Recorded data:
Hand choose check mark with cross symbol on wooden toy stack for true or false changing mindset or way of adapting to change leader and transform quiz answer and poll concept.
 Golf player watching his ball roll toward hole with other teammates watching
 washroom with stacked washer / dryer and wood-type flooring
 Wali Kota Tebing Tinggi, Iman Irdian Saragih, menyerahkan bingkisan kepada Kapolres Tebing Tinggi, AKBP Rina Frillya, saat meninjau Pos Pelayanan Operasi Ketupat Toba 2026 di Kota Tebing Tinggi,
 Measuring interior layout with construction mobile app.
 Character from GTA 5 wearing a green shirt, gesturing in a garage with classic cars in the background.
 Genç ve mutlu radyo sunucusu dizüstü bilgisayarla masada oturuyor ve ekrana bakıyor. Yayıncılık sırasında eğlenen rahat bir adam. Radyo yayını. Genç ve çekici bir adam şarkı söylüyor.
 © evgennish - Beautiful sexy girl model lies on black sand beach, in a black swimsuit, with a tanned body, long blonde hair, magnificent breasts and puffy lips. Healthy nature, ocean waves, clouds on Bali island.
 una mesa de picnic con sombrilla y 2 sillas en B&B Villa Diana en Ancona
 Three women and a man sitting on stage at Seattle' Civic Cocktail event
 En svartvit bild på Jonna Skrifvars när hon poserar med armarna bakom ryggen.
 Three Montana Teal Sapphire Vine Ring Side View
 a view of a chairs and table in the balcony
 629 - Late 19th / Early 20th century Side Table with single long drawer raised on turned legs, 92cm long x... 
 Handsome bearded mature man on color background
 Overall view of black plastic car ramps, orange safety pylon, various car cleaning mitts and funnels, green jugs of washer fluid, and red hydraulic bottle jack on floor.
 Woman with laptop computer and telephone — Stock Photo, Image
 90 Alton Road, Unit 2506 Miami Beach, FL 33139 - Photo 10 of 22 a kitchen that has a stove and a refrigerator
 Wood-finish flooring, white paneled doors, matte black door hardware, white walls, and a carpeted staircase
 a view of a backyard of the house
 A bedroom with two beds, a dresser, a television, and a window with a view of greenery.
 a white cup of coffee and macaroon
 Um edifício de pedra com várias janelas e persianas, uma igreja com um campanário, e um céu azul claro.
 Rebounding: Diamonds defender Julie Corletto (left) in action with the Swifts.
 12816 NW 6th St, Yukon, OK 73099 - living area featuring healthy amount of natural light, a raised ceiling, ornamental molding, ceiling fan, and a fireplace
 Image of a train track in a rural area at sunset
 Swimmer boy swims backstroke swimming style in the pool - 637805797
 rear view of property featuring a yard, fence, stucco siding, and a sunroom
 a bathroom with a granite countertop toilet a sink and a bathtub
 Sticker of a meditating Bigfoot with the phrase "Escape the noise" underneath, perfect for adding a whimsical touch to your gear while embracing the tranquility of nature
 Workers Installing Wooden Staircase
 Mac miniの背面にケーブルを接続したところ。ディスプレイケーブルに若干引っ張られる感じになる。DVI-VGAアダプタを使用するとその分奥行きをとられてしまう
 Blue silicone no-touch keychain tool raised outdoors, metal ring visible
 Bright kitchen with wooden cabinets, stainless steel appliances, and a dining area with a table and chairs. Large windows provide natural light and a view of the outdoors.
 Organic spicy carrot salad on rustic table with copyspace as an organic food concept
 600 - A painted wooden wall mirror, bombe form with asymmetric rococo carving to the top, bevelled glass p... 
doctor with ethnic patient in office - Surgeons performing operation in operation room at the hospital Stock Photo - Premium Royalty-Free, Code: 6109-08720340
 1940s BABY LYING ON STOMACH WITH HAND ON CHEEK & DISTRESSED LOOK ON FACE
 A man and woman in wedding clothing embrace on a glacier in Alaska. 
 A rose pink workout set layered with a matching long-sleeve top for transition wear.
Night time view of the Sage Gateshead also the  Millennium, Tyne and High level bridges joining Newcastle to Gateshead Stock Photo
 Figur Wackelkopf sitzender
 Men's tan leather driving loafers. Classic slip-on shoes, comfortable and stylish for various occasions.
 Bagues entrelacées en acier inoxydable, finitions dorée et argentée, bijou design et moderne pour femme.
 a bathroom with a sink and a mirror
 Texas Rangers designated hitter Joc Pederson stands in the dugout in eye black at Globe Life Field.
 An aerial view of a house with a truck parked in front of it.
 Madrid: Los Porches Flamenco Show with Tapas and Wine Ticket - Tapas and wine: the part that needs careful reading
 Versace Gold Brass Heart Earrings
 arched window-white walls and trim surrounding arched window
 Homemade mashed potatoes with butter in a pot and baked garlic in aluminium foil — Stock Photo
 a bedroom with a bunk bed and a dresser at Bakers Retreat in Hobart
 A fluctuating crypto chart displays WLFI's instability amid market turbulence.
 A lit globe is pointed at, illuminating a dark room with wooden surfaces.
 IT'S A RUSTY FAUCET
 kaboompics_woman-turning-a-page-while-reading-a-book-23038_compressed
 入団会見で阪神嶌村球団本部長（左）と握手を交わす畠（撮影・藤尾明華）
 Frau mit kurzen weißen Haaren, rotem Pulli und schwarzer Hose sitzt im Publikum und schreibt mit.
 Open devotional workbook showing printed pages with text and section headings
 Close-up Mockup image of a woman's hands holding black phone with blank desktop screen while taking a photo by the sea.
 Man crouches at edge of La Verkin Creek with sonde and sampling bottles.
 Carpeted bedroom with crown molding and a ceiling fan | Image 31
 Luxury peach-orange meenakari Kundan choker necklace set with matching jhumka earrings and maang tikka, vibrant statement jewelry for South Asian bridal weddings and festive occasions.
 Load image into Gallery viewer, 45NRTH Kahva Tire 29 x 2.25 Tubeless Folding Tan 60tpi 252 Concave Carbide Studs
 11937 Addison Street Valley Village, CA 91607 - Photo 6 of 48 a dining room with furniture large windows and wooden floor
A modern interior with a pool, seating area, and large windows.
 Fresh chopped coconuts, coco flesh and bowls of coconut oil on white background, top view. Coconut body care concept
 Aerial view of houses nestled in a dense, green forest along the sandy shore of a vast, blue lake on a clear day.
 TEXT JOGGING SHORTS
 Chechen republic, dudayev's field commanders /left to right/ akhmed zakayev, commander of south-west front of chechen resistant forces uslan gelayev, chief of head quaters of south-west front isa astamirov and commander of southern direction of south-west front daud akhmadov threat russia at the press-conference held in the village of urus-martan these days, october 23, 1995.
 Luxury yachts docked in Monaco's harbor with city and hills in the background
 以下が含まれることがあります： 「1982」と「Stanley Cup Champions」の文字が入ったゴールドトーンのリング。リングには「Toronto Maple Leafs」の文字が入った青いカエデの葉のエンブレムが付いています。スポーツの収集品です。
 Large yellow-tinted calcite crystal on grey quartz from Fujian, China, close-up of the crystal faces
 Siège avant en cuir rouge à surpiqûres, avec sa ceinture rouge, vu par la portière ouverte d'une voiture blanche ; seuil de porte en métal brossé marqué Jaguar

Exercise:
Write out exactly the lines above from the line with "A lit globe" through the line with "Carpeted bedroom with", both of them included, and leave out all other lines.

Task solution:
 A lit globe is pointed at, illuminating a dark room with wooden surfaces.
 IT'S A RUSTY FAUCET
 kaboompics_woman-turning-a-page-while-reading-a-book-23038_compressed
 入団会見で阪神嶌村球団本部長（左）と握手を交わす畠（撮影・藤尾明華）
 Frau mit kurzen weißen Haaren, rotem Pulli und schwarzer Hose sitzt im Publikum und schreibt mit.
 Open devotional workbook showing printed pages with text and section headings
 Close-up Mockup image of a woman's hands holding black phone with blank desktop screen while taking a photo by the sea.
 Man crouches at edge of La Verkin Creek with sonde and sampling bottles.
 Carpeted bedroom with crown molding and a ceiling fan | Image 31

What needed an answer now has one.